When I manually change the self table to revert this contigs-db back to v22 and set the scg_taxonomy_database_version to v214.1, then everything works out as expected:

:: anvi'o v7 dev ::  ~/Downloads/test_db >>> anvi-migrate ORAL_P-D-F_Bin_00037.db --migrate-quickly

NEW MIGRATION TASK
===============================================
Input file path ..............................: ORAL_P-D-F_Bin_00037.db
Input file type ..............................: contigs
Current Version ..............................: 22
Target Version ...............................: 23
Migration mode ...............................: Adventurous

SQLite Version ...............................: 3.41.2

* Your contigs database is now version 23. Sadly this update removed all SCG
  taxonomy data in this contigs-db due to a change in the set of SCGs anvi'o now
  uses for taxonomy estimation.
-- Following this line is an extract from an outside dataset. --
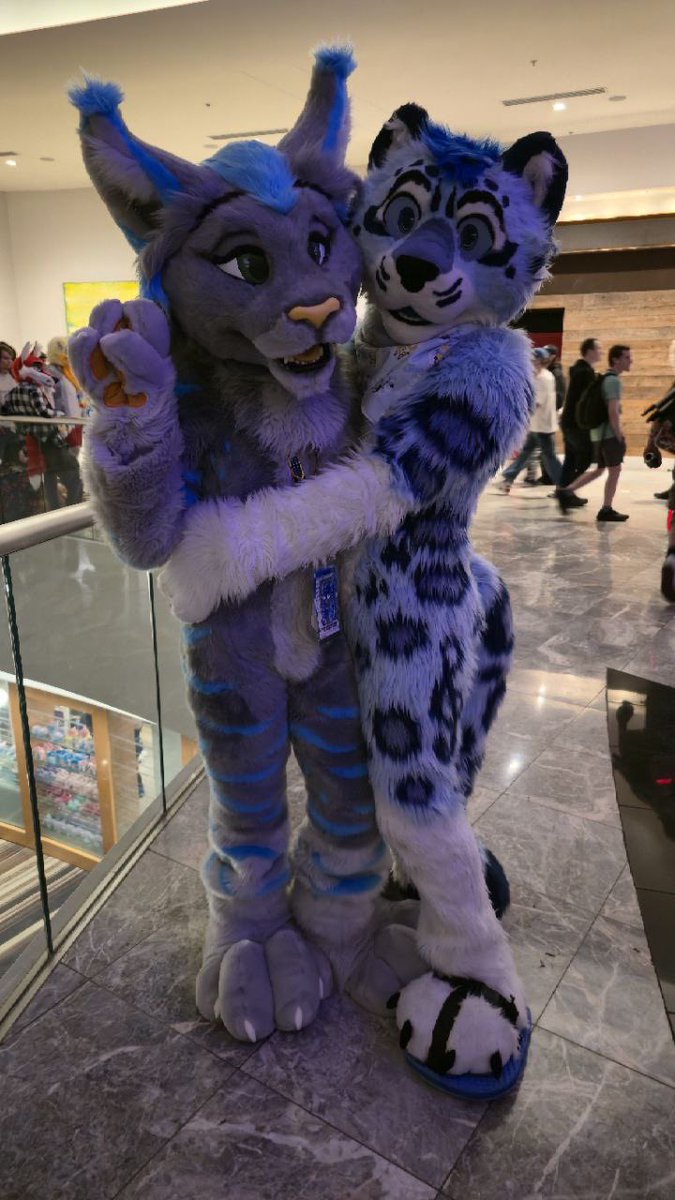 Meet a sweet Lynx on the last day of the con at FWA isn’t she adorable!! <a href="/SolviLynx/">Solvi</a>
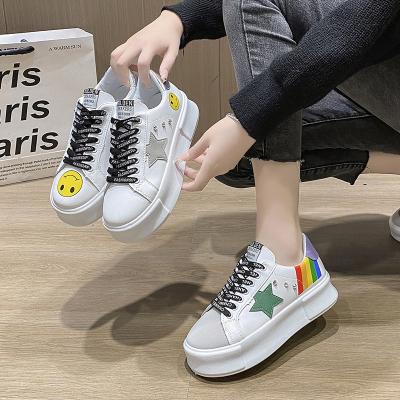 China 2021 new flat women's casual shoes breathable fashion trend fashion skateboard shoes flat low women's sportswear shoes for sale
As a result, you will need to re-run anvi-run-
  scg-taxonomy command on this contigs-db :/ If you would like to learn why this
  was necessary, please visit https://github.com/merenlab/anvio/issues/2211. We
  thank you for your patience!

 :: anvi'o v7 dev ::  ~/Downloads/test_db >>> anvi-estimate-scg-taxonomy -c ORAL_P-D-F_Bin_00037.db

Config Error: It seems the SCG taxonomy tables were not populated in this contigs database :/
              Luckily it is easy to fix that. Please see the program `anvi-run-scg-taxonomy`.

 :: anvi'o v7 dev ::  ~/Downloads/test_db >>> anvi-run-scg-taxonomy -c ORAL_P-D-F_Bin_00037.db

WARNING
===============================================
This contigs database contains no single-copy core gene sequences that are used
by the anvi'o taxonomy headquarters in Lausanne. Somewhat disappointing but
totally OK.

 :: anvi'o v7 dev ::  ~/Downloads/test_db >>> anvi-estimate-scg-taxonomy -c ORAL_P-D-F_Bin_00037.db
Contigs DB ...................................: ORAL_P-D-F_Bin_00037.db
Metagenome mode ..............................: False

Estimated taxonomy for "ORAL_P-D-F_Bin_00037"
===============================================
+----------------------+--------------+-------------------+------------------+
|                      |   total_scgs |   supporting_scgs | taxonomy         |
+======================+==============+===================+==================+
| ORAL_P-D-F_Bin_00037 |            0 |                 0 | /  /  /  /  /  / |
+----------------------+--------------+-------------------+------------------+
meren commented 7 months ago

(So this is not an edge case others will run into -- it is just a Frankenstein contigs-db that was updated with an earlier version of the migration script before it was merged to master, OR something else similar to that :))

mschecht commented 7 months ago

Thanks for looking into this @meren! It must have been an artifact I introduced while developing. Glad it won't impact anyone!